Ele está satisfeito em ver um movimento de marcas cearenses ganhando destaque no cenário nacional, como Catarina Mina, Marina Bitu e David Lee. “Isso é importante para trazer visibilidade pro nosso Estado e para tantas outras marcas e designers bacanas”, acredita.


A Unifor me ajudou a chegar até aqui de muitas maneiras, entre elas networking com os professores e colegas, além de ter me dado uma boa base na parte criativa” — Aristeu Mesquita, estilista da NX e egresso de Design de Moda

Um viés prático como diferencial 

“Um dos grandes diferenciais do curso de Design de Moda da Unifor é que ele tem um viés prático muito latente”, resume Priscila Medeiros, coordenadora dos cursos de Moda, Design de Moda e Design da Universidade de Fortaleza. Ela explica que, desde os semestres iniciais, os alunos são estimulados a criar um portfólio profissional e mergulhar em processos de experimentações com o vestuário.

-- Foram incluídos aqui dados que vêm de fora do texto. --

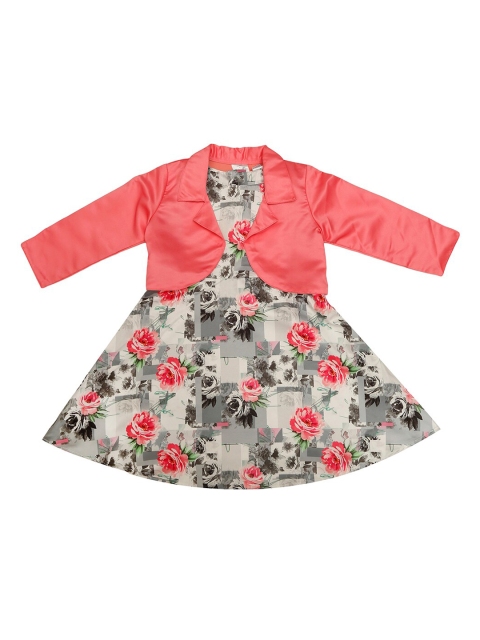 

Doodle Girls Grey & Peach-Coloured Printed Fit and Flare Dress with Crop Jacket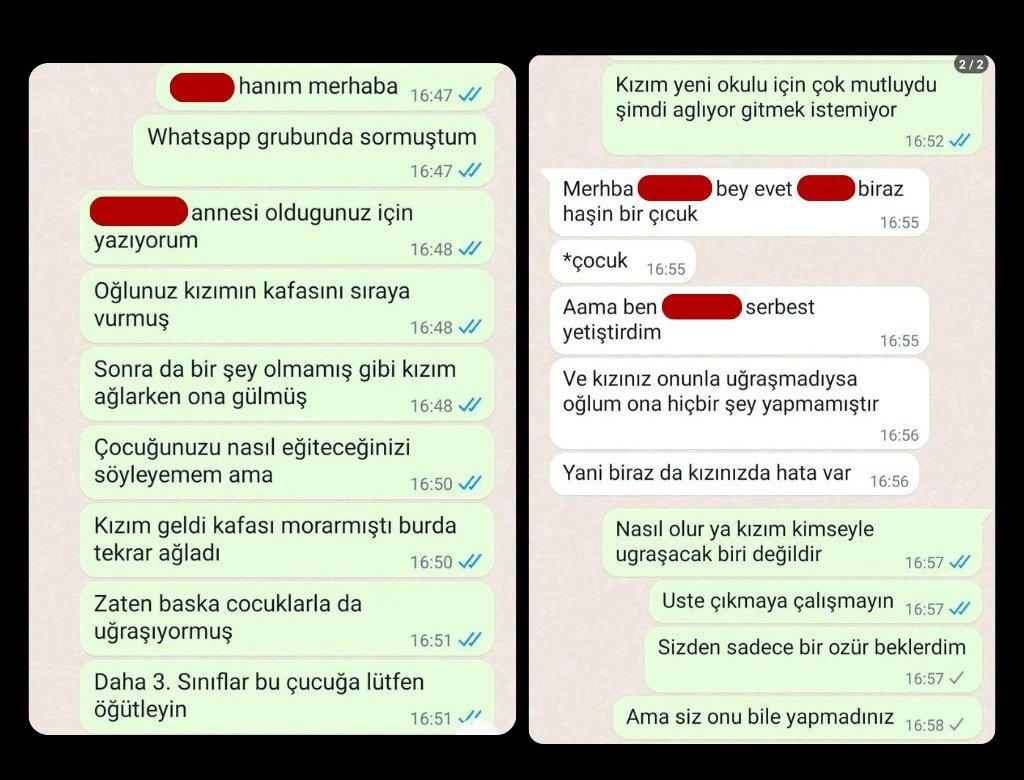 ZamHaberAjans's tweet photo. Bir babanın, ilkokula giden kızına zorbalık yapan çocuğun velisiyle yaptığı konuşma:

"Çocuğum biraz haşin bir çocuk, ben onu serbest yetiştirdim. Kızınız onunla uğraşmadıysa oğlum ona bir şey yapmamıştır." https://t.co/URGfiTr9b0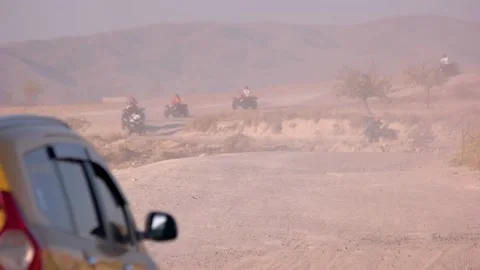 People driving quad bikes during safari trip. Stock Footage 131630645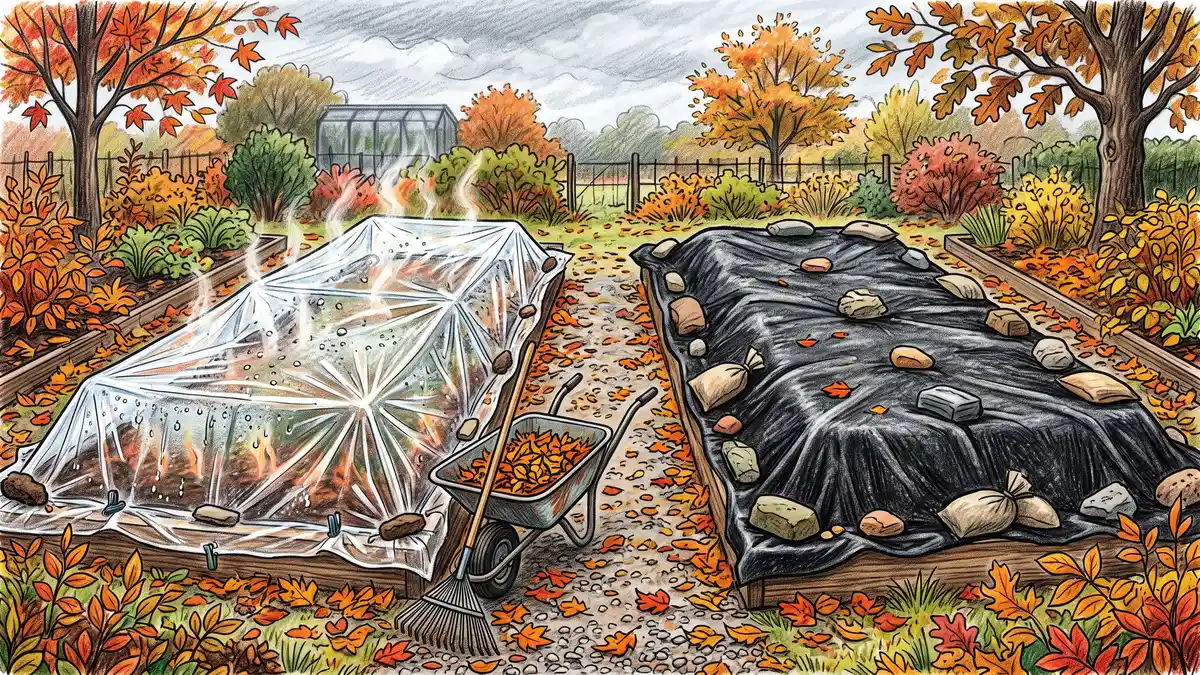Side by side garden beds, one under taut clear plastic for solarization and one under a heavy black silage tarp weighted with sandbags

Além disso, o curso possui sete laboratórios específicos da área e um corpo docente com experiência de mercado, recursos importantes para auxiliar os estudantes a criarem e se lançarem no mercado. 

Da Unifor, saem profissionais da moda prontos para atuar nas mais diversas áreas: do marketing à estamparia, fotografia, produção de moda, entre outras. Quem sonha em empreender também conta com o esforço do curso para auxiliá-los na jornada.

Um exemplo disso é a disciplina de Laboratório de Prototipagem 3, onde os alunos são estimulados a criarem uma marca autoral e desenvolverem a primeira coleção para ela com a ajuda da mentoria dos professores. “Muitos já saem da Universidade com todo um projeto de marca em execução”, pontua Priscila.

O incentivo é ouro para estes tempos em que cresce o interesse do público por um consumo mais consciente. “O fast fashion, hoje em dia, é muito pautado dentro dessas críticas da moda sustentável”, diz a coordenadora.


“Temos trabalhado, dentro do curso, a força da moda autoral, tentando estimular os nossos alunos a criarem marcas que tragam essência, que tragam características da autoralidade e, também, que reforcem os nossos aspectos culturais, dando destaque às raízes e às suas origens”
Priscila Medeiros, coordenadora dos cursos de Moda e Design de Moda da Unifor

Priscila destaca que, além de trabalhar com a vertente conceitual e comercial, existe uma preocupação do curso de conscientizar o aluno à forma correta de aplicar o seu conhecimento na moda.

Além da sustentabilidade, outra tendência importante do mundo da moda é a digitalização do setor, com o crescimento do e-commerce e das redes sociais como ferramentas de vendas e marketing. As tecnologias digitais, como a realidade aumentada e a inteligência artificial, também têm sido incorporadas à moda, proporcionando novas experiências de compra e personalização de produtos. A moda genderless, que desafia as normas de gênero e busca a igualdade na moda, também tem sido uma tendência em crescimento

É nesta perspectiva que o curso prepara os novos profissionais para o mercado e para as novas formas de consumo por meio de uma abordagem que valoriza a criatividade, a inovação e a sustentabilidade. “Os alunos são incentivados a desenvolverem coleções autorais, que reflitam sua identidade e que estejam alinhadas com as tendências de mercado e com as demandas dos consumidores contemporâneos”, afirma Priscila. 

Tudo isso em um contexto de mercado pulsante, como é o Ceará. O estado sedia o Dragão Fashion Brasil, que é considerado um dos maiores eventos de moda autoral da América Latina. E vê crescer as feiras de moda autoral. “Isso demonstra o crescimento e a força que a moda autoral tem, trazendo notoriedade para os grandes estilistas, para os grandes nomes que nós temos no mercado local”, pontua a coordenadora. O futuro da moda, aqui, é promissor!